“Di fatto fu mio figlio a determinare la nomina di Giovanni Falcone agli Affari penali”. Lo rivela l’ex ministro Calogero Mannino nell’intervista esclusiva che “S”, il magazine che guarda dentro la cronaca, pubblica in esclusiva nel prossimo numero, in edicola da sabato 21 marzo: conversando con Riccardo Arena il senatore Udc, appena uscito con un’assoluzione dall’ultimo processo che lo riguardava, quello legato alle presunte frodi vinicole della “Abraxas”, traccia un excursus sui 15 anni che hanno cambiato la sua vita, affrontando temi come i suoi rapporti con Gioacchino Pennino, Salvo Lima, i cugini Salvo, Vito Ciancimino e la magistratura.
“Falcone – spiega Mannino, che dice di avere scritto un libro con le sue memorie che, però, sarà pubblicato solo dopo la sua morte – era stato a casa qualche sera prima, avevamo parlato e lui, mio figlio, aveva sentito.

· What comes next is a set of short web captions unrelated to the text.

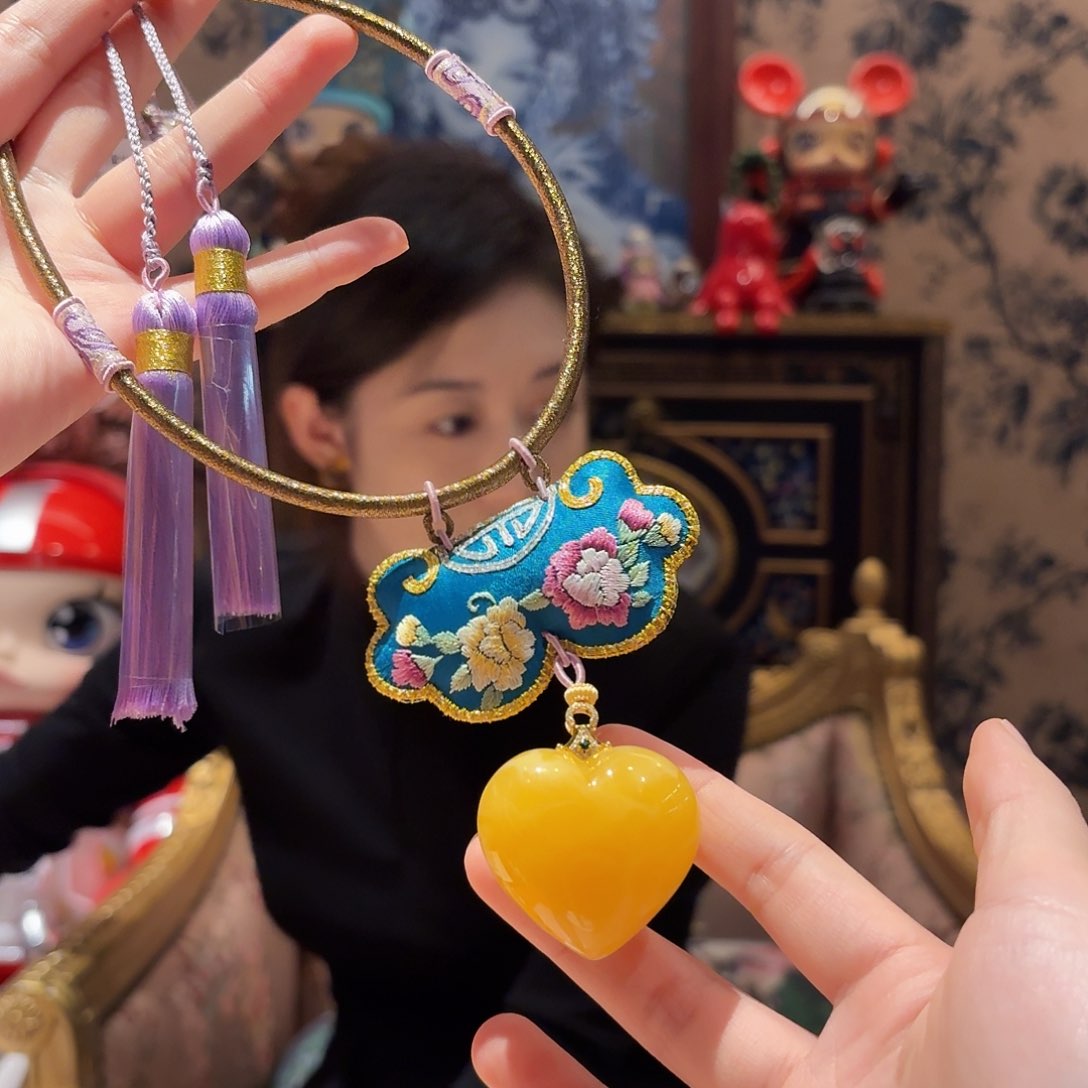 蜜蜡颈饰18K金镶嵌颈饰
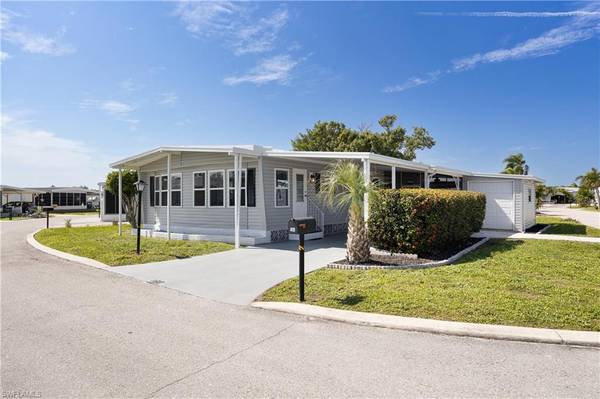 160 Nicklaus BLVD, North Fort Myers, FL 33903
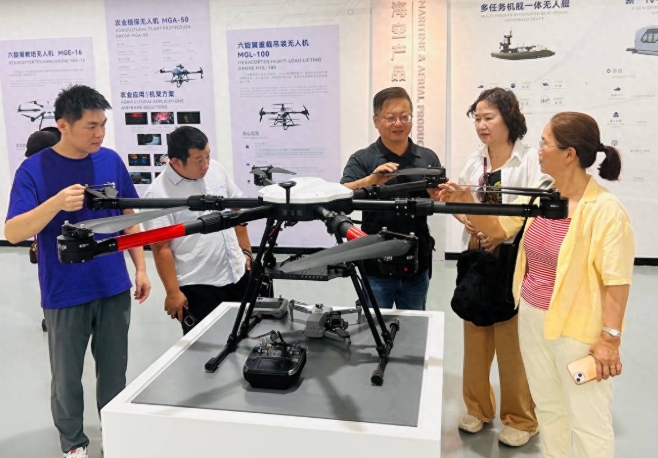 了解各類無人機發展。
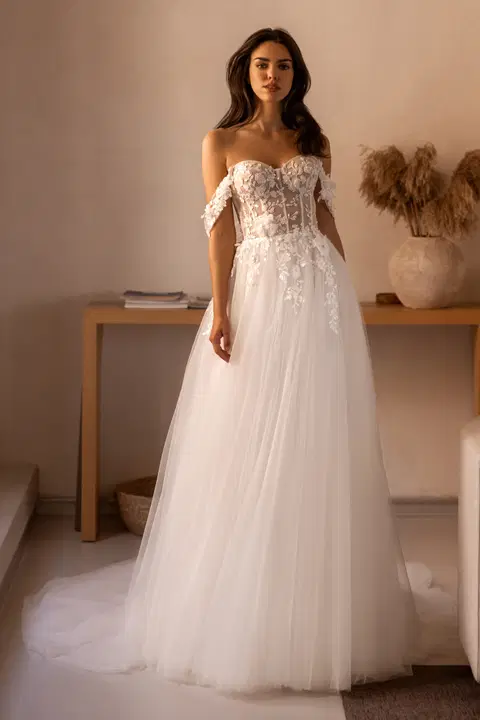 Style E-5538 wedding dress by Elizabeth Passion, trumpet, tulle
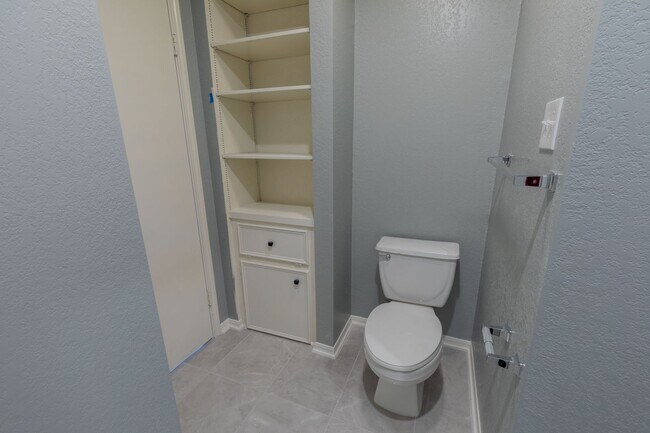 Building Photo - Rawhide Loop, 317/319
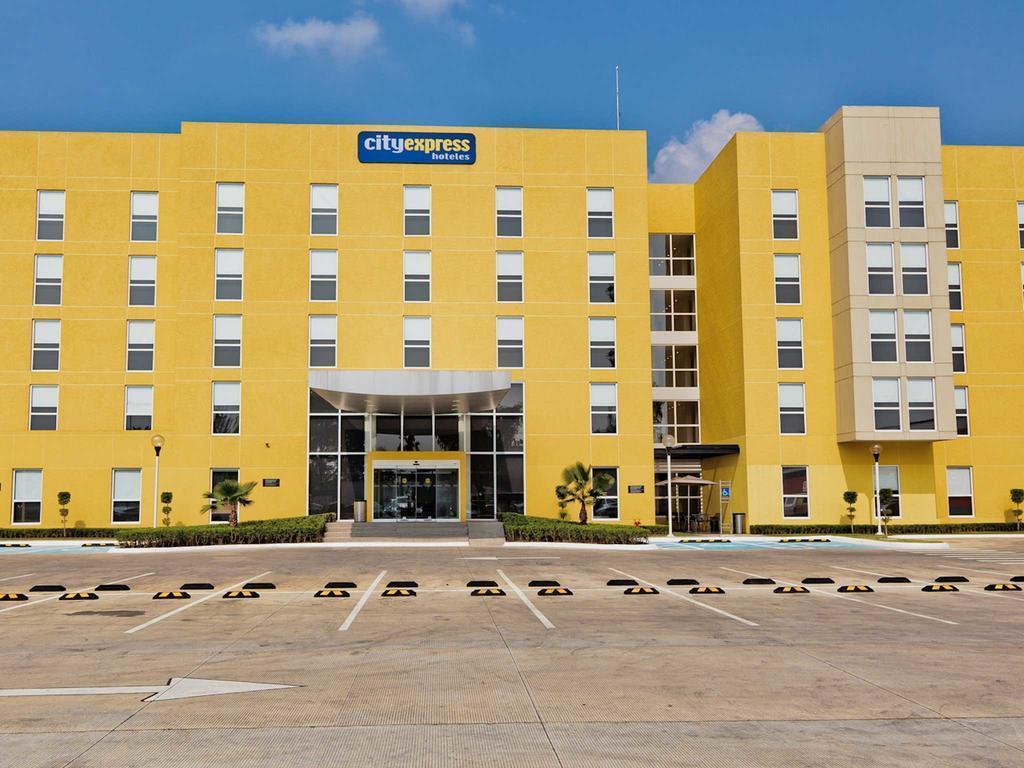 Отель City Express Central De Abastos 3*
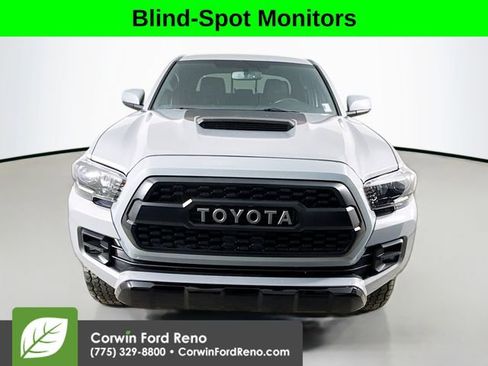 Used 2017 Toyota Tacoma TRD Pro AWD/4WD image 2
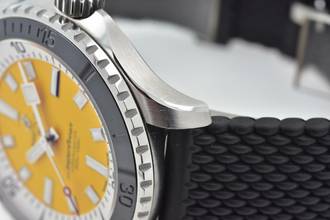 Thumbnail von Breitling Superocean 42 A17375 Yellow Rubber Strap
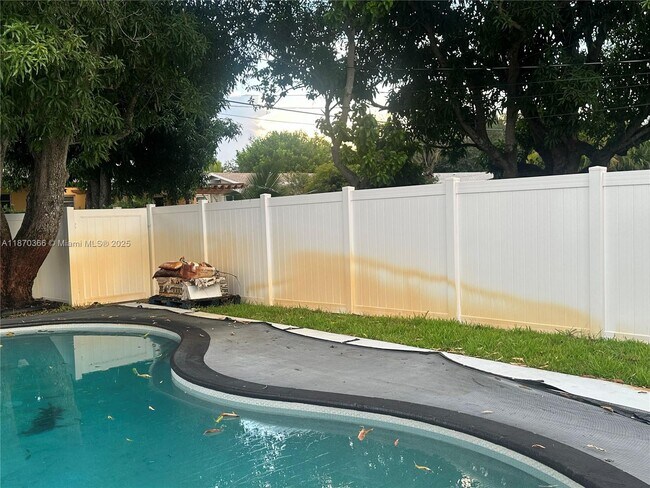 Building Photo - 526 S Rainbow Dr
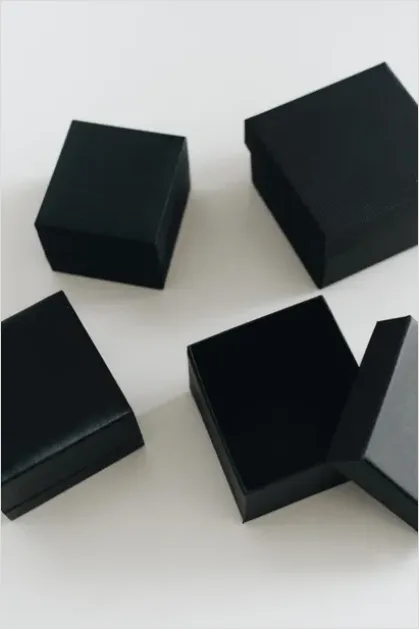 Detail Jewelry Box Open Flat Lay Number 8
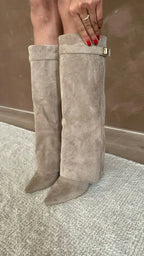 Bottes Hautes Femme En Daim À Talon Compensé Et Boucle Dorée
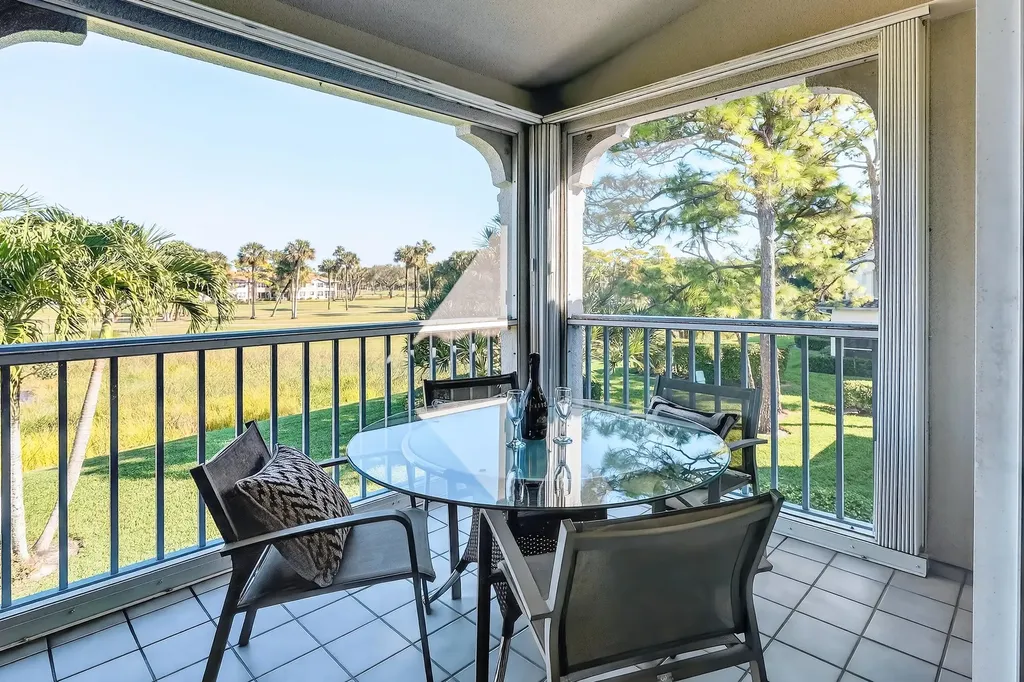305 Ryder Cup Circle Palm Beach Gardens FL 33418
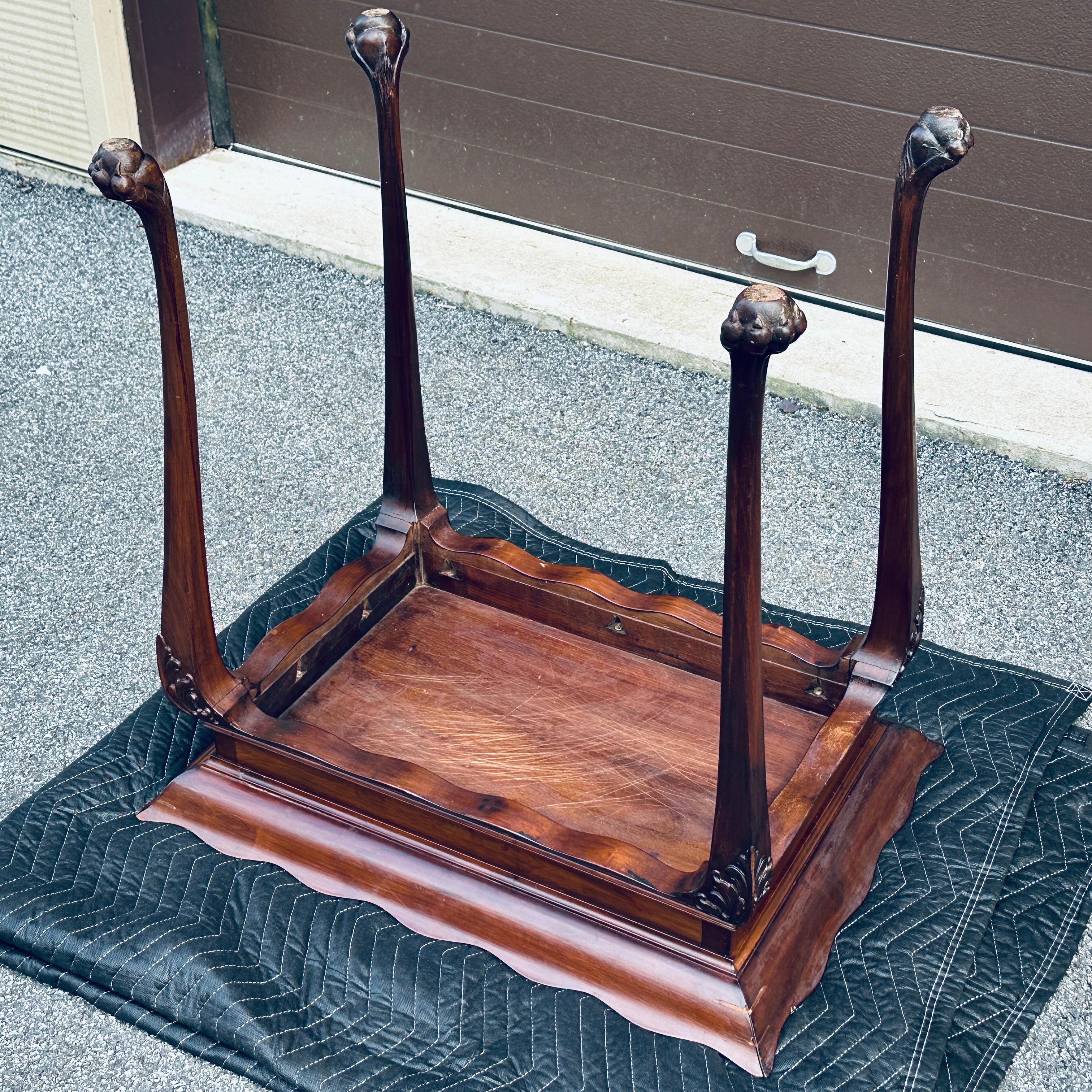 Table à plateau fixe ancienne en noyer massif avec pied en patte d'oie en vente 6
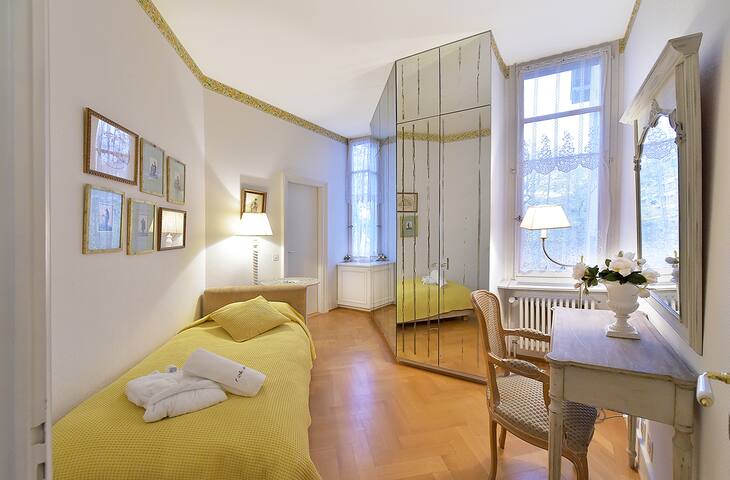 Luxury 320 sqm appartment in Residential Geneva gallery image 5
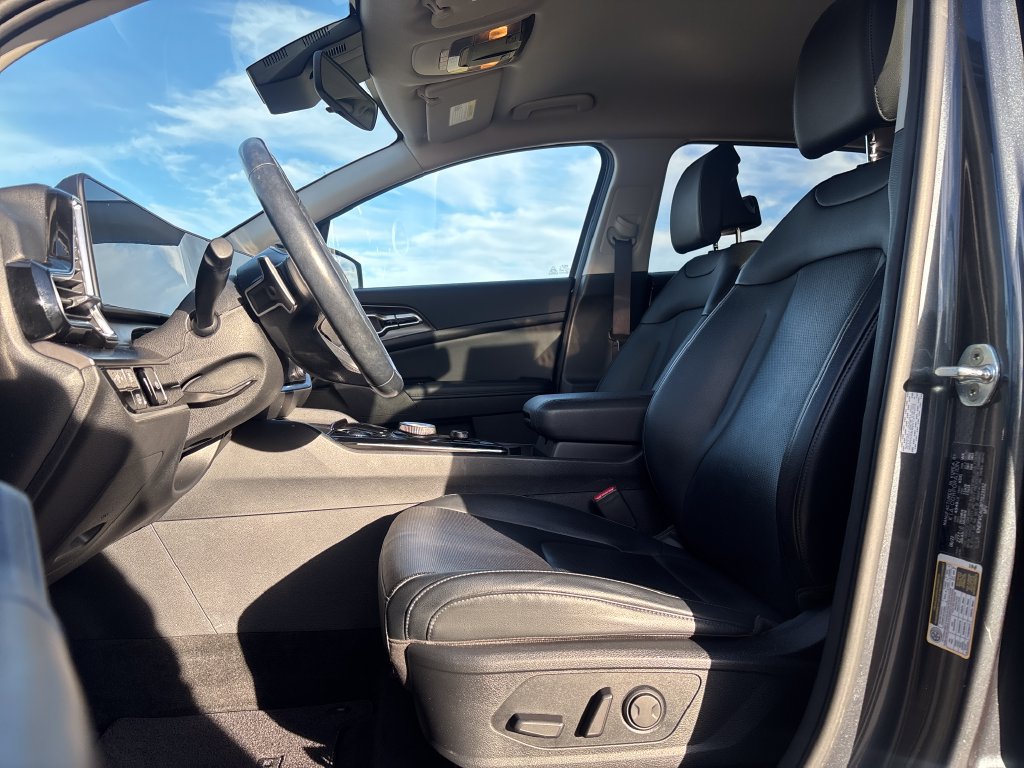 Used 2023 Kia Sportage EX AWD/4WD image 9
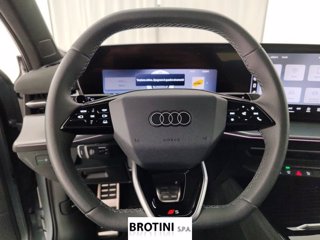 AUDI Q3 e-hybrid 200 kW S tr S Line Edition 16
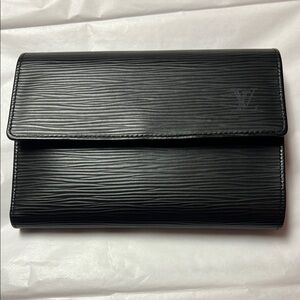 Louis Vuitton black Epi International wallet with id holder included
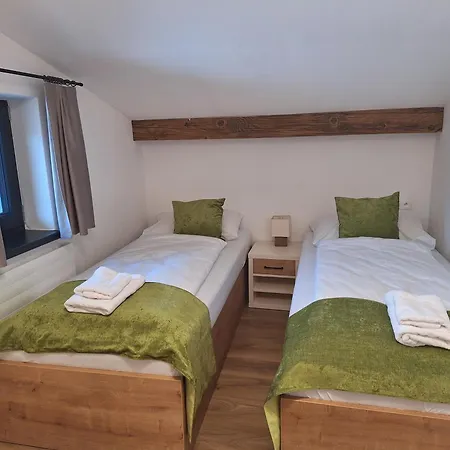 Apartment Mountapart In - Out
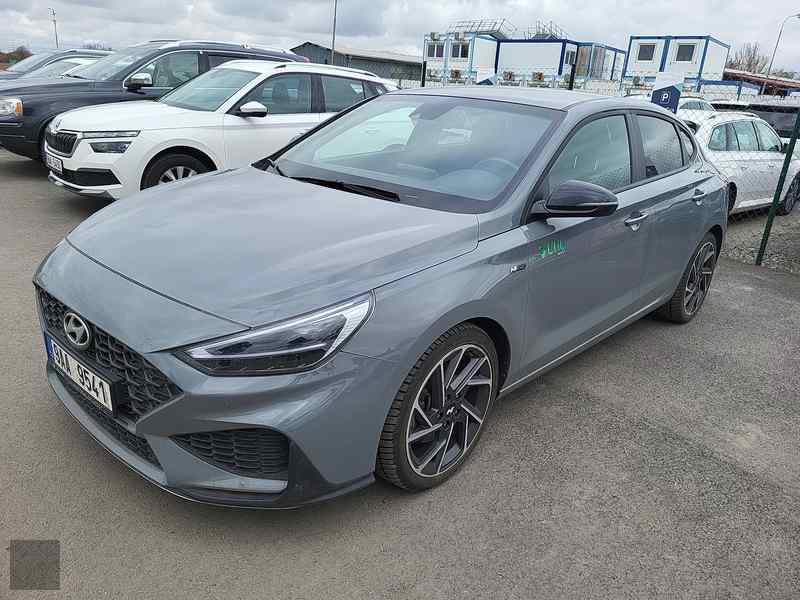 Slika vozila HYUNDAI i30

Voleva fare di più, a Palermo si sentiva compresso. Qualche giorno dopo eravamo in Abruzzo con mio figlio e Cossiga: dovevamo andare in elicottero nel Parco nazionale. Io ero ministro dell’Agricoltura e appena furono accanto, Salvatore disse al presidente: non dovete abbandonare il giudice Falcone. Falcone era diventato un idolo, un eroe per i giovani. E io vivevo quello stesso sentimento. Cossiga rimase colpito, mi chiese chiarimenti e io gli spiegai la situazione. E Salvatore insisteva: lo Stato non può abbandonare il giudice Falcone. Così studiammo e trovammo la soluzione che ci parve la più opportuna per lui. Anche se non servì a salvargli la vita”.
Mannino nega l’incontro a tre con Toni Vella e Pennino, finito al centro del processo per concorso esterno in associazione mafiosa: “Io – spiega – alle politiche del 1979 avevo preso 106 mila voti, a Palermo. Avevo bisogno di Pennino e Vella? Non ci fu alcun incontro a tre. Pennino venne una volta a casa mia e mi fece tutto un discorso sul congresso regionale del partito ad Agrigento. Parlava a nome dell’ex sindaco che voleva rientrare con tutta la corrente nei giochi da cui noi avevamo deciso di estrometterli. Ma noi sapevamo che attorno alla persona di Vito Ciancimino c’erano movimenti giudiziari”. Per quanto riguarda i suoi processi, invece, il senatore Udc sottolinea come ad accusarlo sia stato “sempre lo stesso pubblico ministero, dall’inizio alla fine. È un po’ dura da accettare”.